**WORK TO BE COMPLETED**
Wherever a picture appears, leave it out, and transcribe the rest of the records exactly.

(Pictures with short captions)
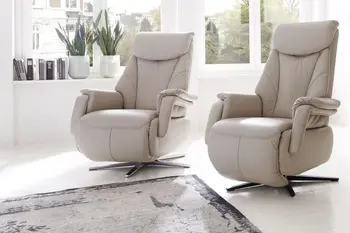 Zwei beige Relaxsessel mit Sternfuß.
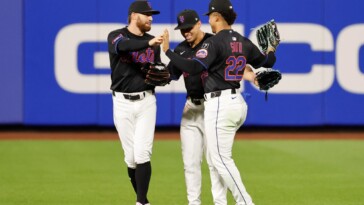 mets-pass-the-first-part-of-their-litmus-test-with-flying-colors
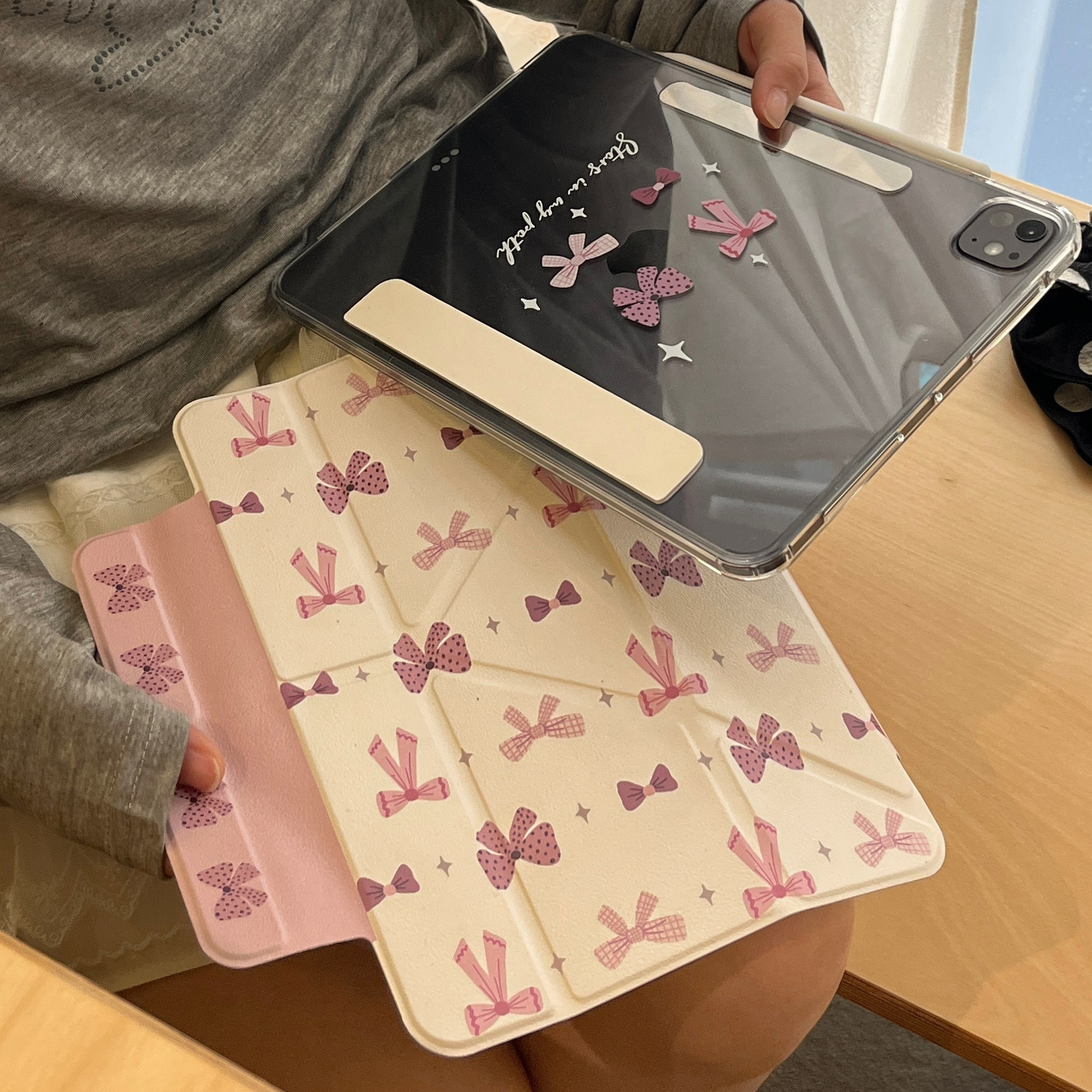 ipadカバー リボン模様の夢かわ手帳型ケース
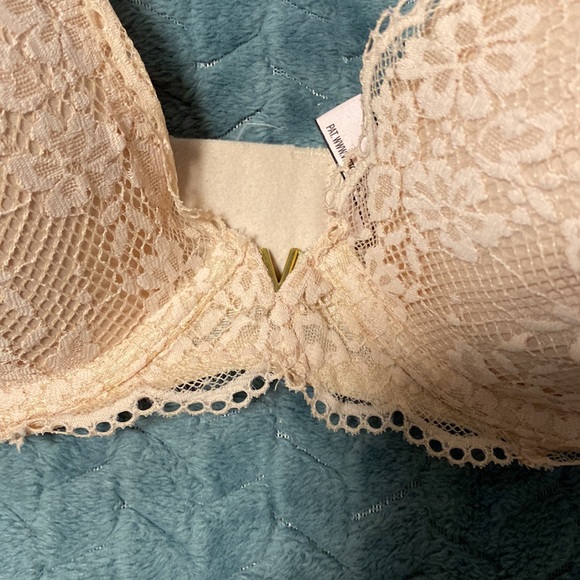 Victorias Secret Plunge Bra - Picture 3 of 3
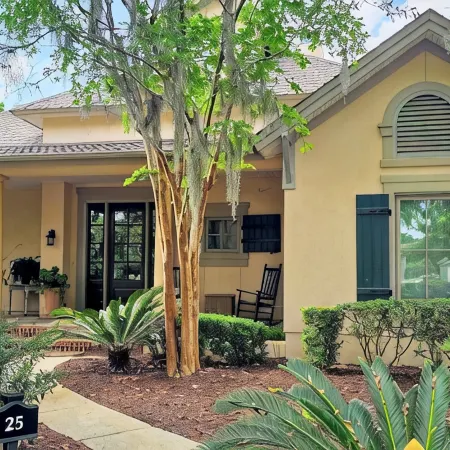 Live Oaks Cottage - Golf Course Views & Lowcountry Charm in Bluffton, SC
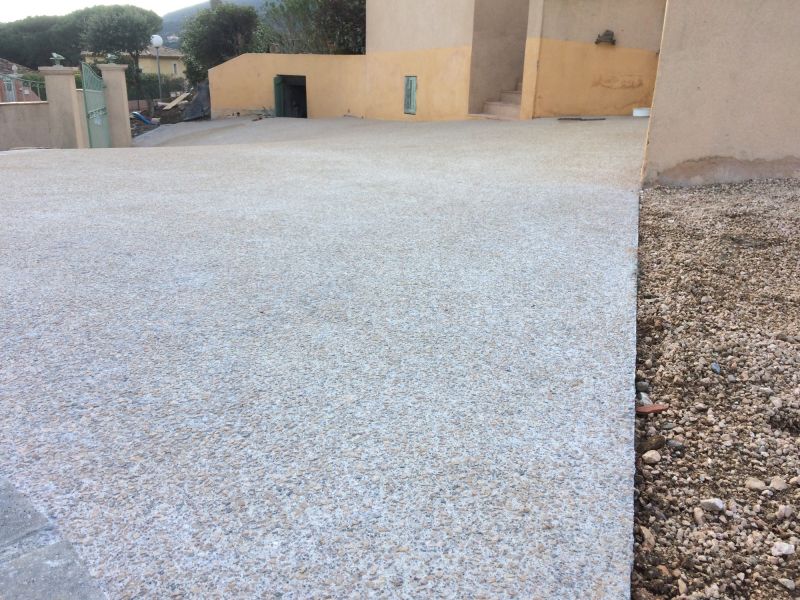 Granulats apparents une fois le chantier finis dans le 13 à Calas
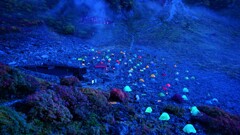 涸沢・朝のテント村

**SOLUTION**
 Zwei beige Relaxsessel mit Sternfuß.
 mets-pass-the-first-part-of-their-litmus-test-with-flying-colors
 ipadカバー リボン模様の夢かわ手帳型ケース
 Victorias Secret Plunge Bra - Picture 3 of 3
 Live Oaks Cottage - Golf Course Views & Lowcountry Charm in Bluffton, SC
 Granulats apparents une fois le chantier finis dans le 13 à Calas
 涸沢・朝のテント村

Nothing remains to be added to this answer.